Haramlardan birisi de hırsızlık, günümüz de hırsızlık epey arttı, bu hırsızların vicdanları sızlamıyor mu? Allah’tan (Celle celaluhu)  korkmuyorlar mı Böyle bir insan hiç mi düşünmez; ben ne yapıyorum, niçin hırsızlık yapıyorum; bu yaptığım şey hem ayıp hem haram, ben ne kötü bir insanım, insanlara zarar veriyorum, neden bu kadar kötüyüm, bu yaptığım şey çok yanlış…

Bir insan Hakkı bilmediği zaman batılın içersin de yuvarlanıp gider… Böyle bir insan günah işleye işleye kalbi kapkara olur, merhamet ve şefkat o kişinin kalbine girmez. Böyle bir kişi insan öldürebilir.

يُرِيدُ اللّهُ أَن يُخَفِّفَ عَنكُمْ وَخُلِقَ الإِنسَانُ ضَعِيفًا

“İnsan zayıf olarak yaratılmıştır.” (Nisa Suresi 28)

Allahu Teala (c.c) yeryüzün de var olan her şeyi insanların emrine vermiştir. İnsanları en güzel bir şekilde yaratmıştır.

وَسَخَّرَ لَكُم مَّا فِي السَّمَاوَاتِ وَمَا فِي الْأَرْضِ جَمِيعًا مِّنْهُ إِنَّ فِي ذَلِكَ لَآيَاتٍ لَّقَوْمٍ يَتَفَكَّرُونَ 

“O, göklerde ve yerde bulunan her şeyi kendinden bir lütuf olarak sizin hizmetinize vermiştir. Şüphesiz bunda düşünen topluluklar için ibret ve deliller vardır”  (Casiye Suresi 13)

İnsanların mükemmel yaratılmasıyla beraber mahlûkatlar içerisinde de en nankörüdür. Allahu Teâla (Celle celaluhu) insanlara akıl, güç ve hesapsız rızk verdi, buna rağmen Allah’a (Celle celaluhu) ibadet etmiyorlar. İnsan öldüğün zaman, kendisine sorulur; ömrünü nerelerde geçirdin, hangi amellerde bulundun, ne gibi iyilikler yaptın, komşularınla nasıl geçindin. Bir insan iyi olursa kendisine faydası vardır, kötü olursa zararı kendisinedir.

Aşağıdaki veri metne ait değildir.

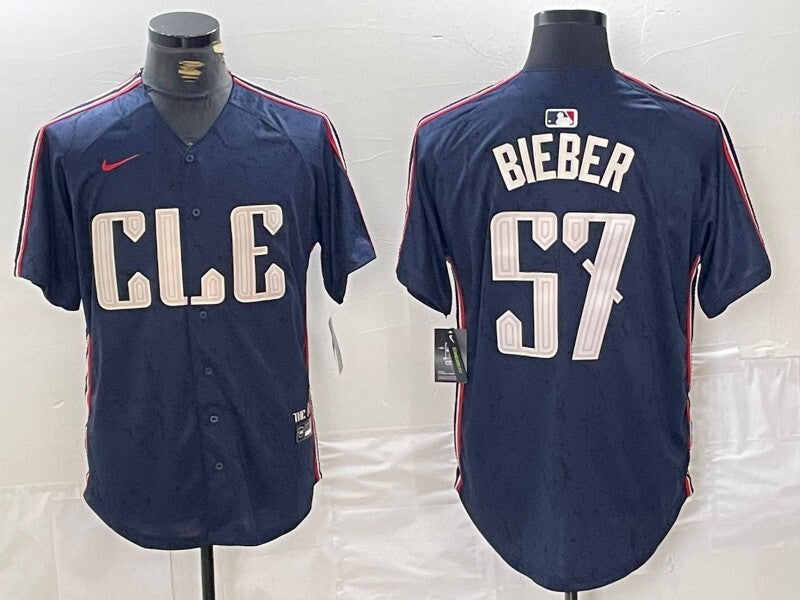 Cleveland Guardians #57 Shane Bieber Indians City Style 10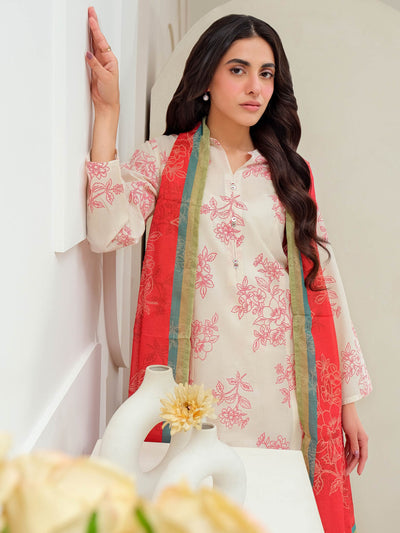 3 Piece Lawn Suit-Paste Print (Unstitched)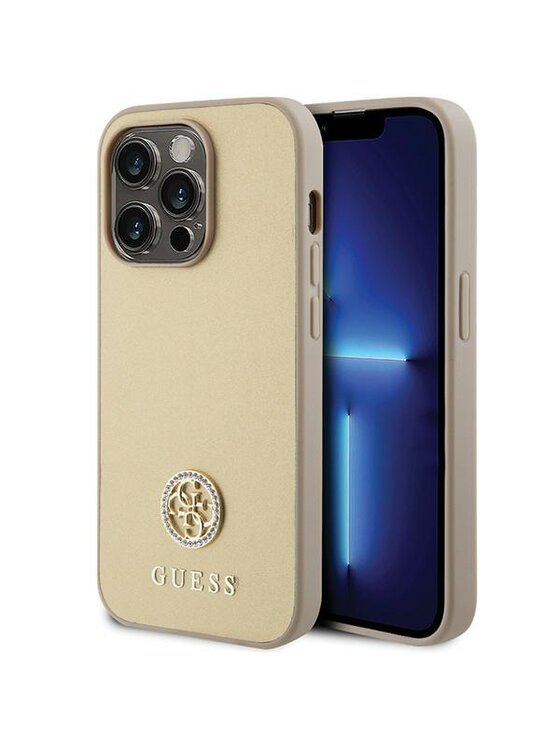 Etui na telefon Guess, Złote, iPhone 15 Pro Max
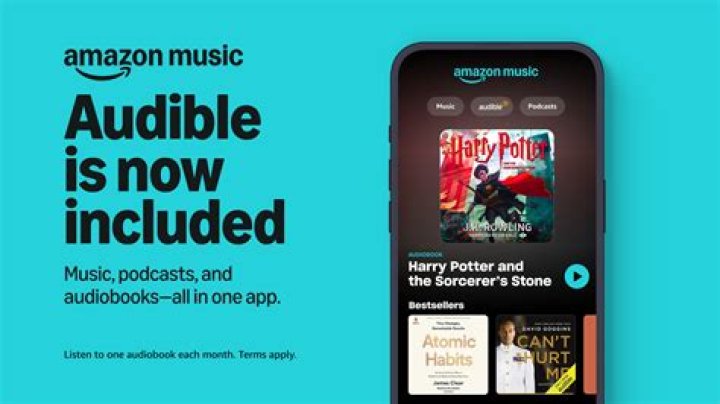 How do I access my Audible library on Amazon?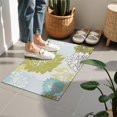 thumbnail image 4 of Green and Blue Pioneer Flower Pattern Door Rugs,Washable Non Slip Door Mats Indoor,Decorative Door Mats,Entry Mat Indoor for Entrance,Bedroom,Kitchen,Bathroom,16"x24", 4 of 6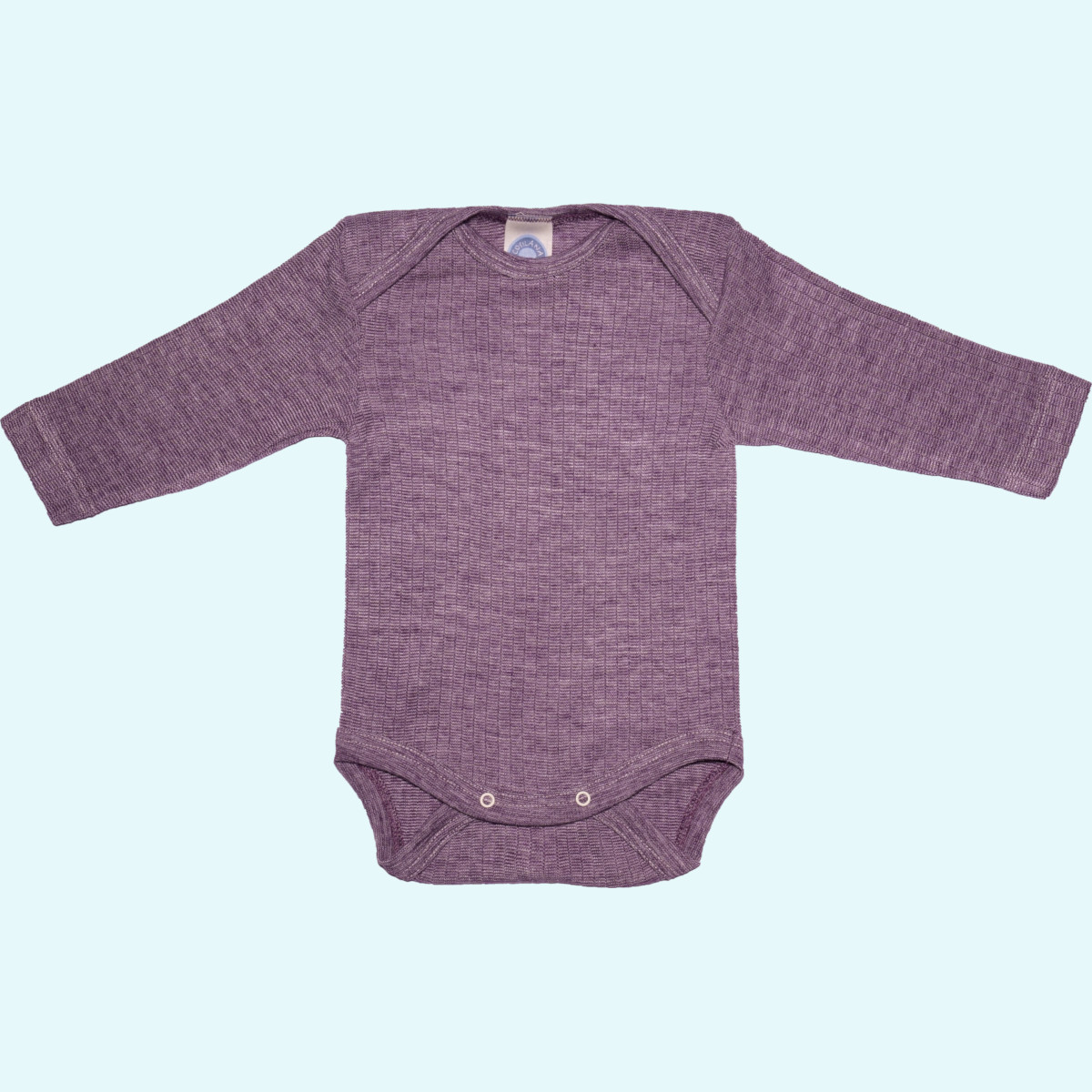 Baby Body langarm aus Wolle-Seide-Baumwolle - Cosilana Baby Body langarm aus Wolle-Seide-Baumwolle von Cosilana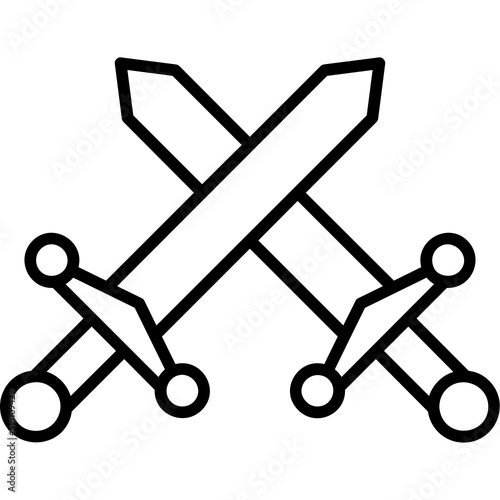 Sword Fighting Icon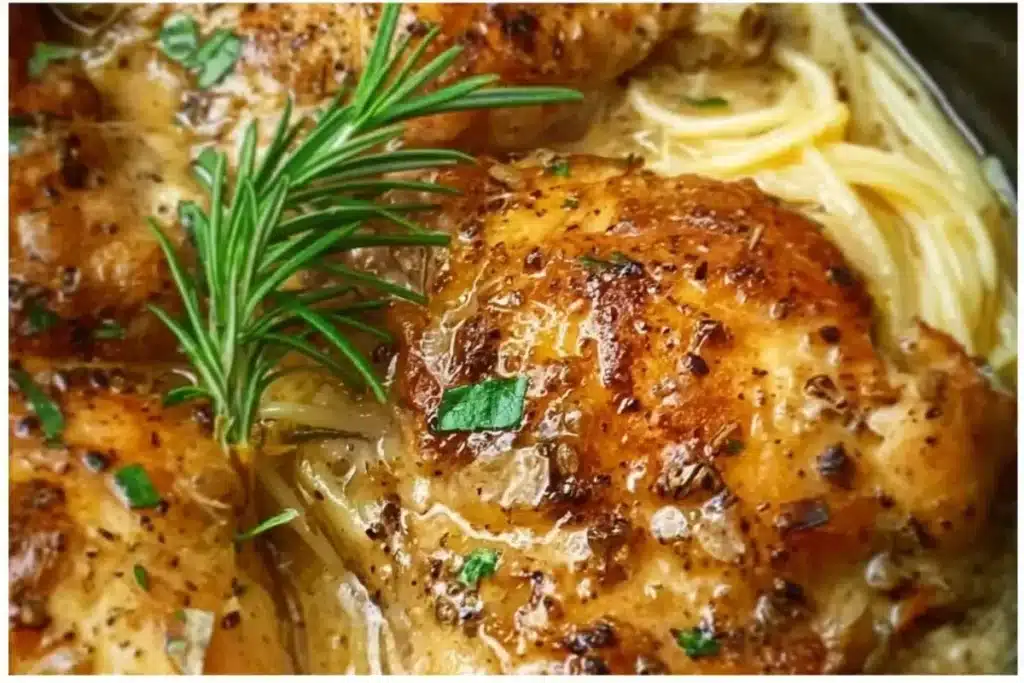 Crock Pot Angel Chicken dish showcasing flavorful ingredients cooked to perfection.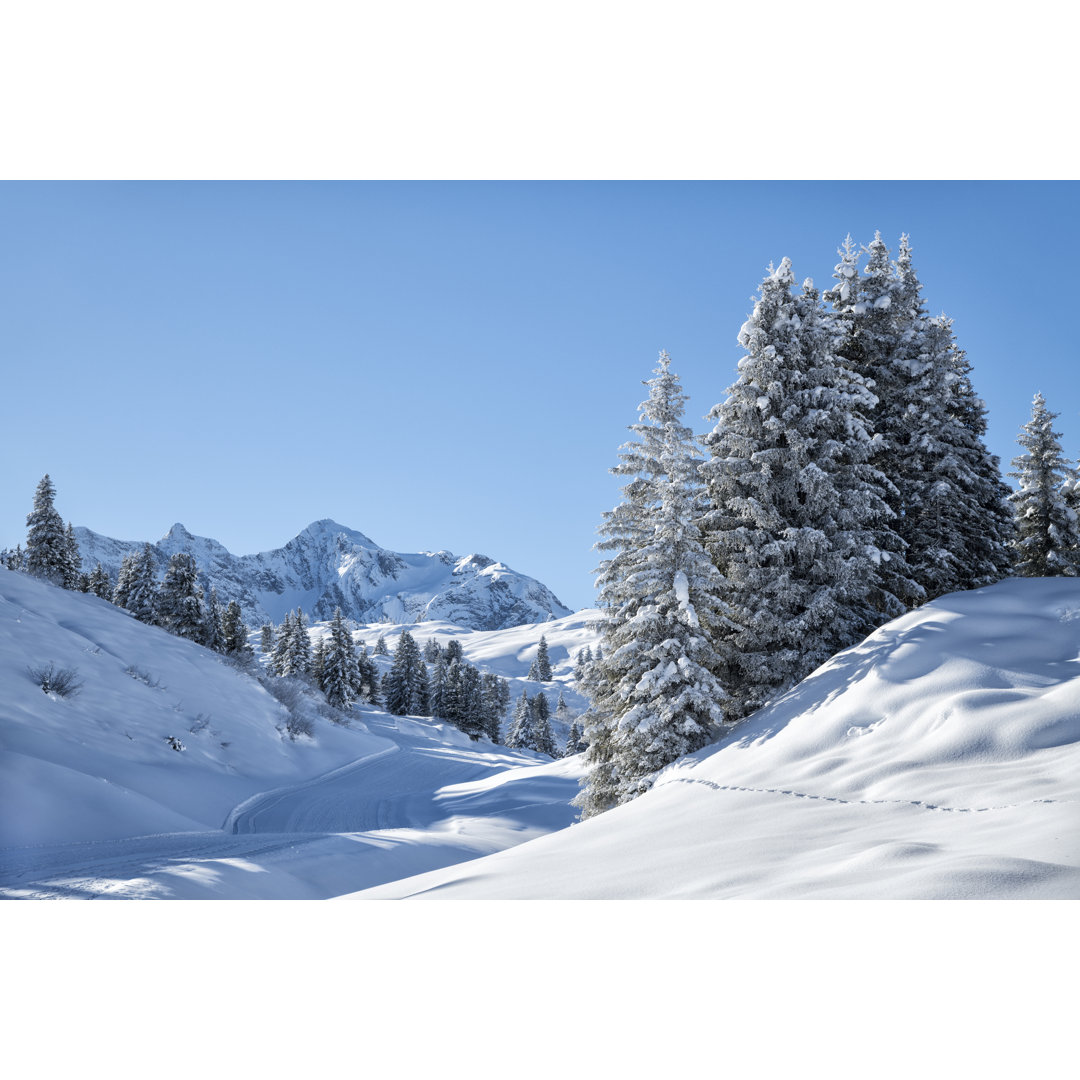 Winterlandschaft von Kemter - Kunstdrucke auf Leinwand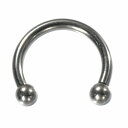【バラ売り/1個】 ボディピアス チタン サーキュラーバーベル スタンダードボディピアス 14ゲージ 内径10.0mm ボール3.0mm 銀色 シルバー|軟骨 ...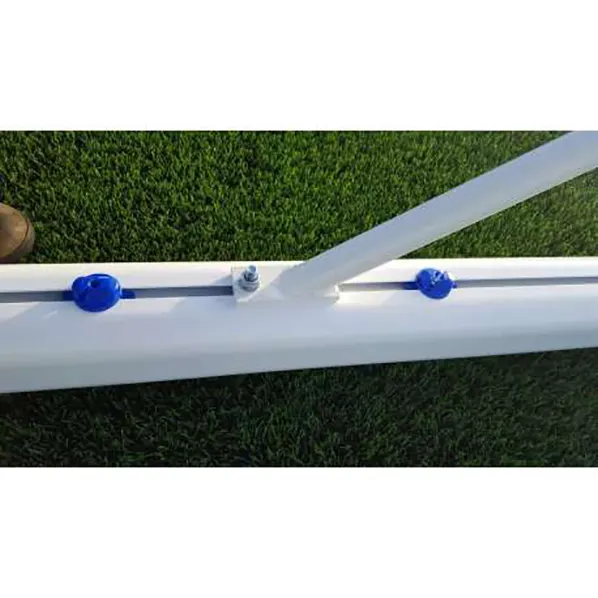 JUEGO PORTERÍAS ALUMINIO FÚTBOL 7 90 MM FIJAS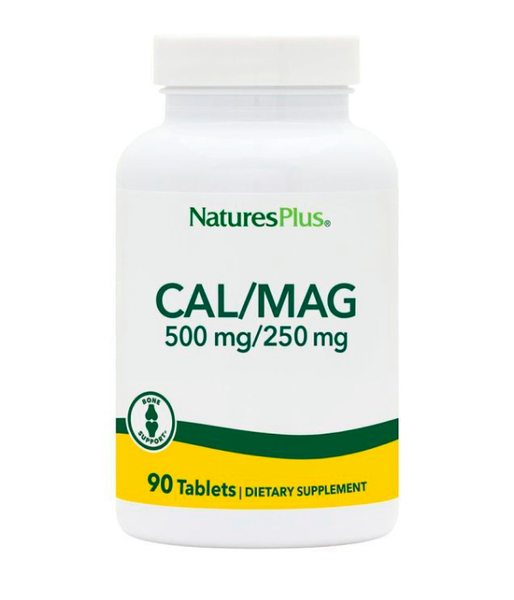 Nature's Plus Cal/Mag (Кальцій та магній) 500 мг/250 мг, 90 таб. NAP-03363 фото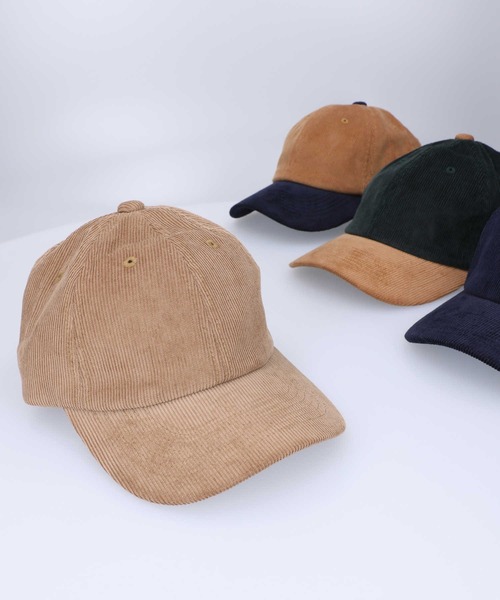 BACK NUMBER(バックナンバー)の「【BACK NUMBER】ムジコーデュロイキャップ(キャップ・メンズ・グリーン/カーキブラウン/ベージュ/ネイビー・フリー)」の3枚目の写真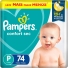 Fralda Pampers Conf Bag P 72 Un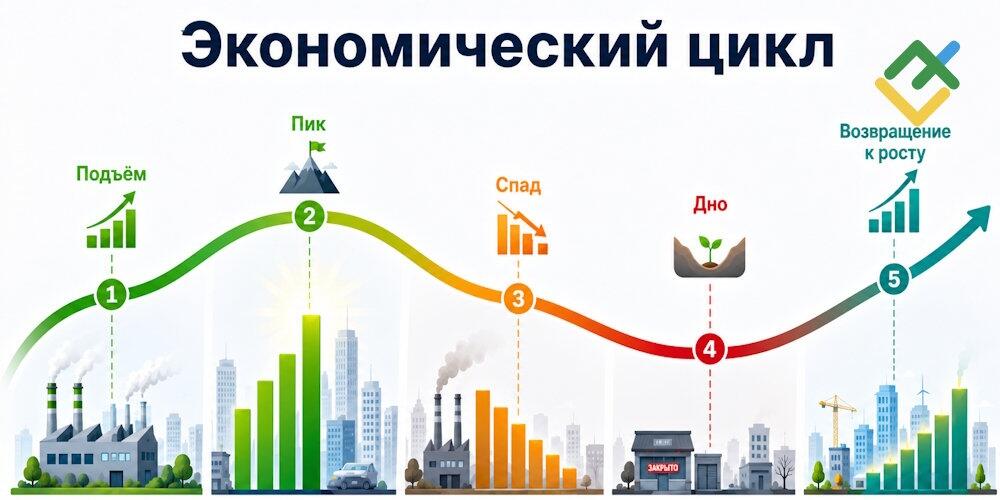 LiteFinance: Что такое циклические акции: определение и ключевые признаки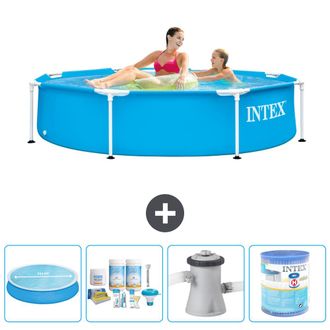 Intex Piscina Con Estructura Redonda - 244x51 Cm - 7-piezas S31411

Peygamber Efendimiz (Sallalahu aleyhi vessellem) buyuruyor:

“Büyük günahların en büyüğünü size söyleyeyim mi? Allah’a ortak koşmak ve ana babaya eziyet etmektir.” (Buhari, Müslim)

Bir başka Hadis-i Şerif’de Peygamber Efendimiz (Sallalahu aleyhi vessellem) şöyle buyuruyor:

“İyilik, babanızın yapma dediği şeyi yapmamanız, yap dediği şeyi de yapmanızdır. “

Ama bir baba Haram şeyleri emrederse oğlu bunu yapmamalıdır. Mesela bir baba, oğluna: Git içki iç ya da namaz kılma dediğin de dinlememesi gerekir. Bunun dışın da bir babanın evladına söyleyeceği bir vasiyet olsa velev ki yanlış dahi olsa, Allah bunu hakka çevirir. Yani anne ve babayı dinlemek ve onlara itaat etmek, komşularla iyi geçinmek gerekir. Bunlar kişiyi mutlu eder. Anne ve baba çocuklarını küçük yaşlar da eğittikleri zaman, bu çocuklar büyüdüğün de ilk önce anne ve babalarına karşı iyi, topluma da faydalı bir fert olurlar. Bir evlat anne ve babasına kötü davranıyorsa, hakaret ediyorsa, o anne ve babanın düşünmesi gerekir; acaba evlatlarınız küçük yaştayken ona ne öğrettiniz, ne verdiniz de böyle oldu.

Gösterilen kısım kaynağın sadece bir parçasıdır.